アプリの場合は音声と一緒に単語を確認することができるので、単語の発音を正確に覚えることもできます。
☆英文法の知識は中学3年生レベルまでをしっかりと
シャドーイングで使われる英文は短いテキストで十分ですが、初級レベルの学習者はそのテキスト(英文)をパッと見て、文の要素が分かるようにしましょう。
文の要素とは
「S(主語)/V(述語動詞)/C(補語)/O(目的語)/M(修飾語)」です。
「文の要素」と言われてもピンとこない人は、まずは品詞(名詞・動詞・形容詞など)の
それぞれの働きを確実に理解した上で、英語の「5文型」の理解をしましょう。
品詞の理解や5文型の理解は1,2週間も勉強すればしっかり理解できるようになります。

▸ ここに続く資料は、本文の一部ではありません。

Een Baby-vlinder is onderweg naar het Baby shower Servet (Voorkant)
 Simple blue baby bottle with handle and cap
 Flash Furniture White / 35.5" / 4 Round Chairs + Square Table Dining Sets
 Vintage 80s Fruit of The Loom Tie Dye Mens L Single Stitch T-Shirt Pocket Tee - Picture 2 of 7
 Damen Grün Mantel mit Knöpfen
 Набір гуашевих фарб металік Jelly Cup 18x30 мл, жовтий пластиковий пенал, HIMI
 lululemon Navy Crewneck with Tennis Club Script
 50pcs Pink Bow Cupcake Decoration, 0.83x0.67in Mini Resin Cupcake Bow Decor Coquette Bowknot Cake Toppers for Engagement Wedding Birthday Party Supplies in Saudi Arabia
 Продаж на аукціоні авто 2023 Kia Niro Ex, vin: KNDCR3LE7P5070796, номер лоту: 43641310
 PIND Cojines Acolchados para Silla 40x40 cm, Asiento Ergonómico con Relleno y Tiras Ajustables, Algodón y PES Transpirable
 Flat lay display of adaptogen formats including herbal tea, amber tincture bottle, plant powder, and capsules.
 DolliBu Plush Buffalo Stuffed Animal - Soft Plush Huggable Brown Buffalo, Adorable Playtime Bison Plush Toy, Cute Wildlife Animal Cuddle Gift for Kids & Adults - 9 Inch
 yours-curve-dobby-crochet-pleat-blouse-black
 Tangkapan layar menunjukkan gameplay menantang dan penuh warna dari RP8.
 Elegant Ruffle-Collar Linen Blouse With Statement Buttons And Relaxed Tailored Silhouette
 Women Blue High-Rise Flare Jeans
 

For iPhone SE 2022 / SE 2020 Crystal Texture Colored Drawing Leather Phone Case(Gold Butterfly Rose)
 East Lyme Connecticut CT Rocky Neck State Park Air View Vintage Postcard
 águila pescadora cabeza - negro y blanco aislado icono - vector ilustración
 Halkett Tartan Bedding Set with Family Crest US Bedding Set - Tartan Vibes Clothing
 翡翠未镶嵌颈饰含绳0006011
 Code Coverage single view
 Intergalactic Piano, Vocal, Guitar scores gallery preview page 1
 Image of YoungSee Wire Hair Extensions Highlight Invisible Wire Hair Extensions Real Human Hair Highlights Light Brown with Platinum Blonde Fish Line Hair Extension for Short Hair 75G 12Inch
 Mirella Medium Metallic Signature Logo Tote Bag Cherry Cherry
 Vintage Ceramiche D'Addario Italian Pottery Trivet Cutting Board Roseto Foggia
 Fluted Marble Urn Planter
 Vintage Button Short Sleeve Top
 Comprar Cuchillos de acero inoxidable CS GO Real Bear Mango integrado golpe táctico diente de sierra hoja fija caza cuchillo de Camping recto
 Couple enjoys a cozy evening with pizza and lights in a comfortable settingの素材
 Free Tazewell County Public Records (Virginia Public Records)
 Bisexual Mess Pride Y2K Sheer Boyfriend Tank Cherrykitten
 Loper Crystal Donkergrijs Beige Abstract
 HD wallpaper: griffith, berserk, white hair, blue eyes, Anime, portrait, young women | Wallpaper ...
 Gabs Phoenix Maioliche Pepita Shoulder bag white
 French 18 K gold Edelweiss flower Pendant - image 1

日頃から英文を見るときに「あ、この文は主語がここで動詞はこれだな」といった風に文の要素をスラッシュで分けていくと英語の理解が早まります。
手持ちの英語の参考書や英文コンテンツを見たときに「なんとなく読める」「英文のカタチが分かる」ようになれば英語力は付いてきたということになります。
☆リスニング力を上げるにはディクテーションがおススメ
初級レベルでなくても、リスニング力を上げるために効果的な勉強法が「ディクテーション」です。
ディクテーションは、自分のレベルに合わせた教材を利用して学習をします。
ディクテーション(書き起こし)が終わった後にシャドーイング練習をするのは学習効率がとても高いので本当におススメです。
集中して何度も聞き、書き起こした教材を読むのは、負担が少ないためシャドーイングには最適の素材になります。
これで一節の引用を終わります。